Connectives are ‘linking words’ that establish a logical relationship between actions, ideas or phrases. They are used in discussions and when formulating an argument, and are essential in formal written English.
Connectives of Contrast
Although (embora) & Despite (apesar de)
These have essentially the same meaning but notice how the structure differs in usage. ‘Although’ is used at the beginning or the middle of a sentence. ‘Despite’ is followed either by an ‘ing’ verb or ‘determiner + noun’.
Although I wasn’t hungry I ate two plates of spaghetti.
Despite not being hungry I ate two plates of spaghetti.
The Board voted for a pay rise, although some of them had reservations.

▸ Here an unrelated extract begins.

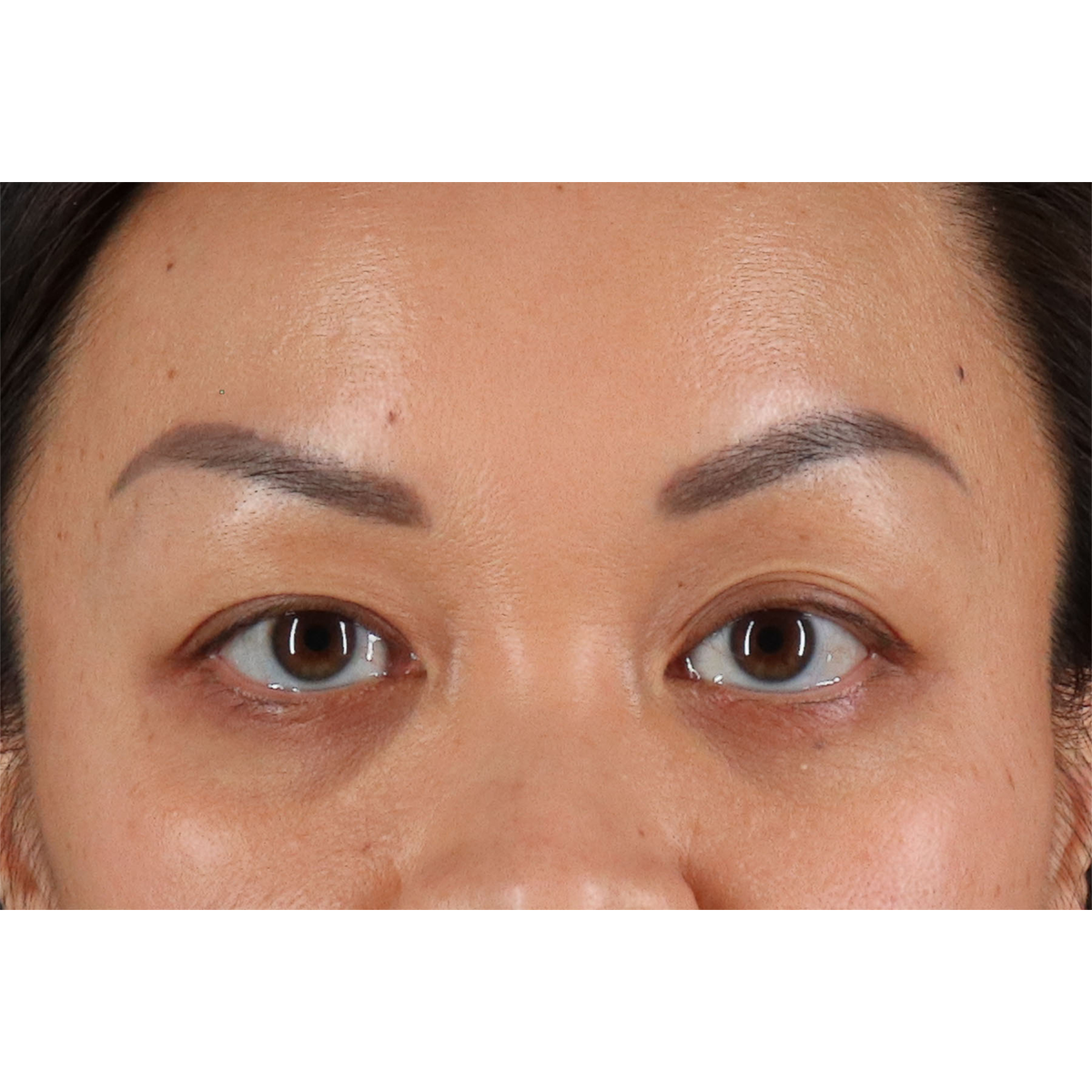 Eyelid Surgery Before & After Patient #2883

The Board voted for a pay rise despite its reservations.
However (entretanto) and Nevertheless (mesmo assim)
‘However’ and ‘Nevertheless’ carry a little more emphasis than ‘although’ and are most effectively used at the beginning of a new sentence linking back to a previous one.
Several board members objected to the pay rise. However, the CEO overruled their objections.

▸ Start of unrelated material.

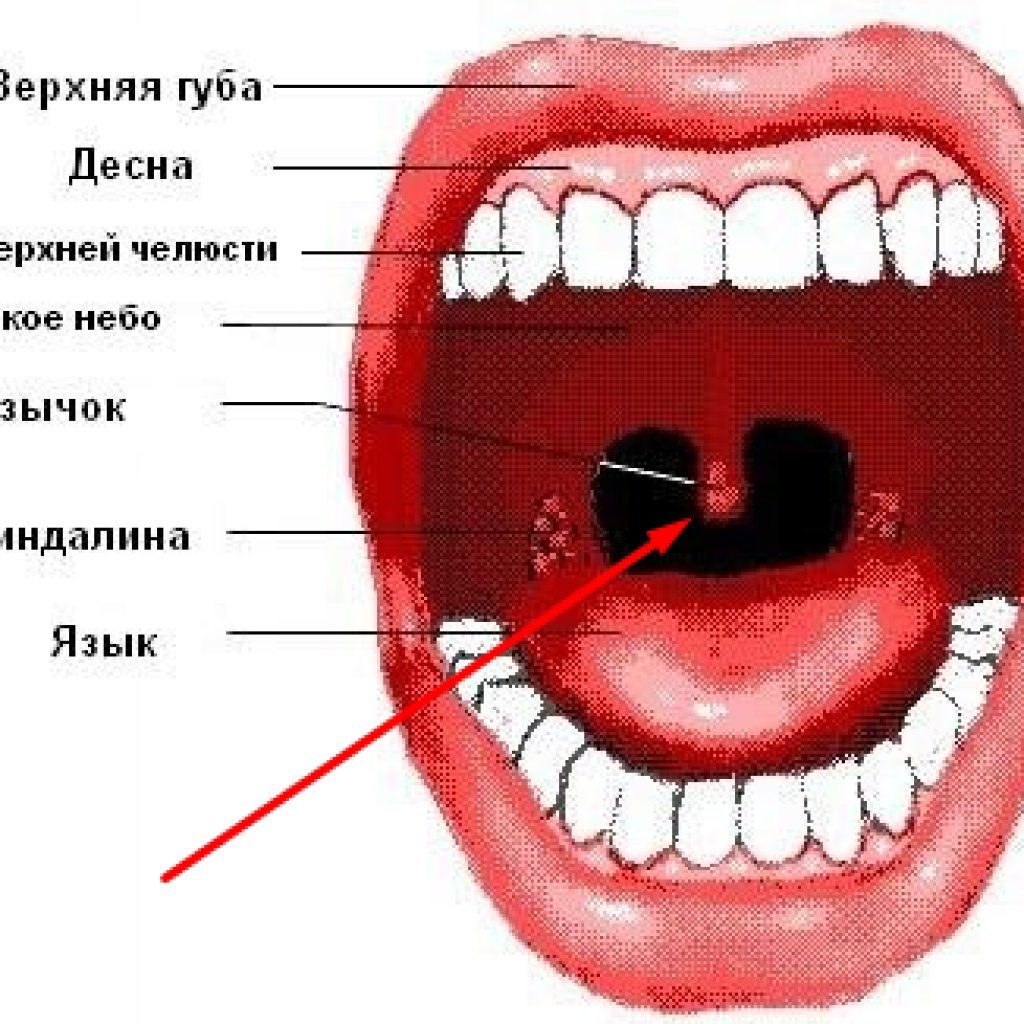 2 маленький язык. Воспаление небного язычка. Маленький язычок в горле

Several board members objected but were overruled nevertheless.
Other common connectives of contrast:
Even though – same as ‘although’ but with more emphasis.
Though – same as ‘although’.
In spite of – the same as ‘despite’.
Connectives of Comparison
Whereas (enquanto) & While (enquanto)
‘Whereas’ is used in comparisons where there is no causal relationship between the two facts or ideas. One fact does not explain the other.
Whereas Saturn is relatively close to the Sun, Pluto is relatively far.
While my mother loves dogs, I prefer to keep a cat.
Other common connectives of comparison:
Unlike / Conversely / Similarly / Likewise
Connectives of Conclusion
Therefore (portanto or logo)
‘Therefore’ suggests that the second idea or phrase is the logical conclusion from the first.
The value of the dollar is expected to rise soon, therefore now would be a good time to buy.
Thus and hence have the same meaning as therefore.
Other common connectives of conclusion:
Consequently / As a consequence / Accordingly
Connectives of Addition
In Addition to, Furthermore and Moreover (alem disso)
‘In addition’ is a common way of adding ideas or phrases to support an argument. ‘Furthermore’ and ‘moreover’ are more formal ways of saying the same thing and are therefore found mostly only in formal written English.
In addition to the problems with the client, I had the supplier telling me that he wanted the payment in advance.
Beyond (alem de) and Besides
‘Beyond’ and ‘besides’ are less formal ways of saying ‘in addition to’.
Besides having to go to the bank, I had to pick up the dry cleaning.
I had problems far beyond the ones that my boss was aware of.
Other common connectives of addition:
As well as / Additionally / Also / Worse yet / What’s more (spoken English only)
Connectives of Emphasis
Especially and Indeed
Both of these connectives are very common.
The meeting was a great success. Indeed, people were still talking about it the following Monday.
I'm not sure about the investment, especially as it involves entering an unfamiliar market.
Connectives of Continuation
Anyway (de qualquer maneira), in any case and even so (mesmo assim) are used when we wish to return to the main subject or point following a deviation.
He said he was traveling and that he would be away for at least three weeks because his mother was ill and he wasn’t sure whether he would be back before June. Anyway, he said that he wasn’t available for the time being.
Other common connectives of resumption:
All the same / Regardless / Be that as it may
Connectives of Clarification
Actually (na verdade) and In truth
A lot of people think I must be German, but actually I’m British.